One Guardian reader provided a particularly entertaining tactic. “I chop wood for an hour every few days,” wrote Ruby Sea, “not to mention the kindling, the carrying … [my] arms are taking on a musculature I never knew was possible!”

Emma Coultas’s labrador-staffie cross resting after a run

Many peppy pooches also featured in our readers’ suggestions of household activities. “Most days one of us goes running with the dog,” says Emma Coultas, whose labrador-staffie cross is especially speedy. “He gets a decent run in because he has a lot of energy … he’ll run up to 10 kilometres.”

… or do something fun

Coultas has also taken to hosting frenetic dance parties in the living room when the sun goes down. Battery-operated fairy lights get switched on, the aux cord gets handed to the kids, and limbs fly akimbo to Meghan Trainor and Harry Styles. “I don’t get to choose the music,” Coultas says, “because then they bail if I choose.”

“The kids just jump around mostly. I also jump around but then I try and do some more focused moves – some squats and some lunges … it’s just to get their wiggles out before bed if we haven’t had a chance to go outside.”

Dr Sandro Demaio in his rooftop garden

Demaio, meanwhile, swears by his veggie garden as a plum provider of endorphins. “Gardening is a great strength and stretch-based task,” he says, even for those who may not have the physical capacity for more strenuous exercise. “Digging up, planting, pruning, or bending over to pull weeds up … they’re all really good, and the equivalent of doing your stretches, or doing your weights.”

Take it (very) easy

Getting moving around the house can be as low-effort as walking. Robyn, a Guardian reader who asked us to use her first name only, says she’s “walked every day of my life for 50 years”, but lately has turned to indoor walking videos to maintain her fitness levels as she recovers from open-heart surgery.

The variety she uses is from a channel called Fabulous50s, and it’s a choose-your-own-adventure routine where you can match your level of output with your own capabilities. “You walk around your lounge room for 30 seconds,” she says. “And then you [might choose] to do squats for 30 seconds. And then it’s back to walking … You haven’t even got to be seen if that’s what worries you.”

Others had more outré suggestions. Dennis, another reader, pairs his stretches with noisy vocal exercises – the tennis player method. As he reads by the fire, he says, “occasionally I stand up and stretch whilst making various animal sounds – deep grunts and high-pitched squeals … I wiggle my legs vigorously and stand to place another log on the fire.” Replicating this may heal your inner child, though not your neighbourly relations.

Dennis reads by the fire

Trick your brain

If all else fails, simply trick yourself – as Jess Ho does, with a barely-awake grogginess. “I’m gonna sound completely psychotic,” they say. “But I [go] to the gym before I’m fully awake.

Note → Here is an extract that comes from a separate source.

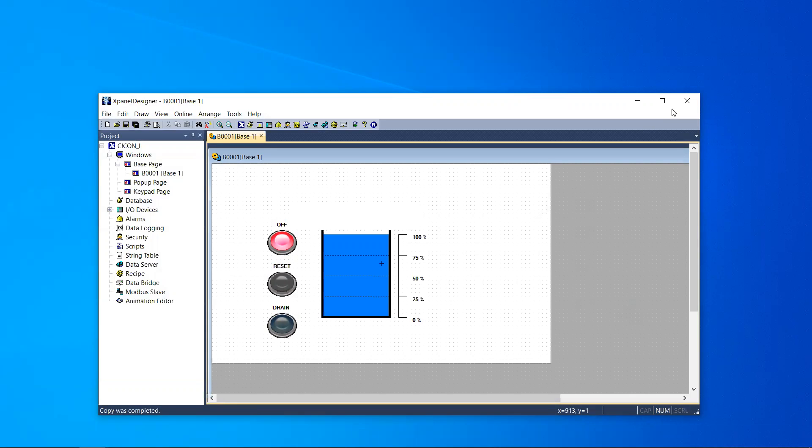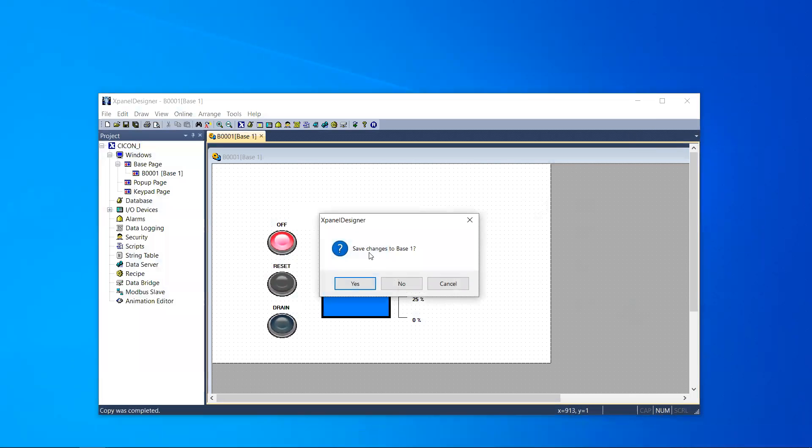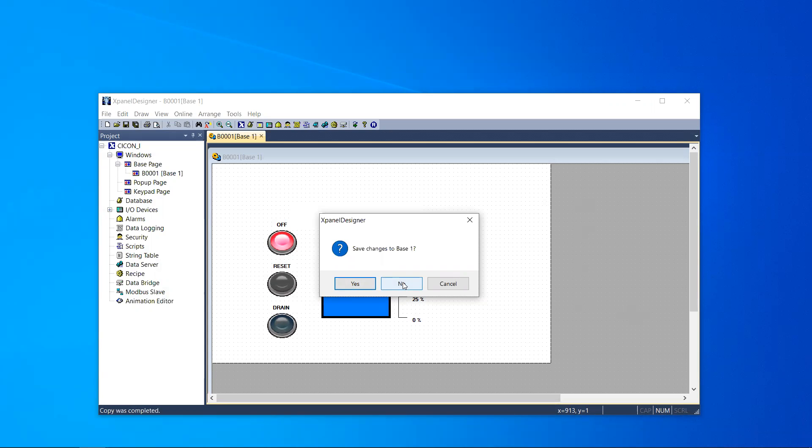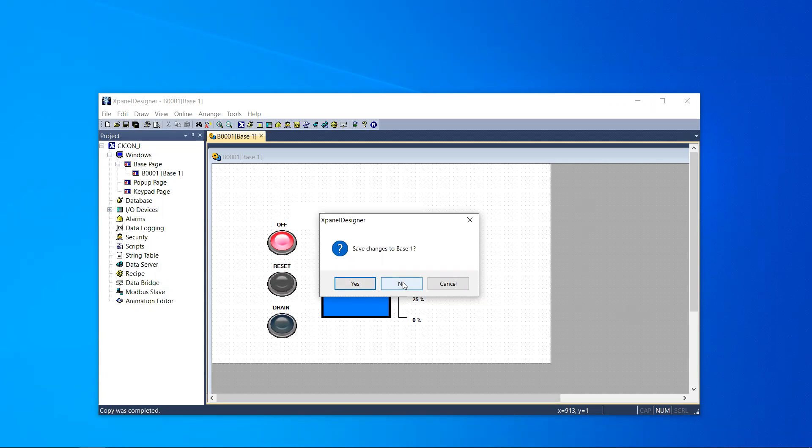All three methods will inevitably ask you if you want to save changes to your project if you have made any. You can either press yes to append the project or you can press no to cancel all changes made and it will exit the XPanel Designer.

And cannot yet register that it is freezing.”

Getting there so early in the morning is mostly to avoid a large, sweaty crowd, they say, although it also means there’s little audience to see the haphazard mass of layers, assembled to warm up from the morning bite.

“You know that scene in Friends where Joey is wearing all of Chandler’s clothes? That is what I look like, going into the gym. As the session progresses, there’s a big pile of clothing next to me.”

But not everyone may be as athletic (or disciplined). Ho also has a specific recommendation for exercising at home: blasting RuPaul’s Drag Race as feverish distraction.

“If I’m doing cardio at home, [that] is the best thing to watch. It’s so high-action, fast-paced, and shady … that my heart rate actually goes really high.

“[Drag Race] has definitely improved my cardio.”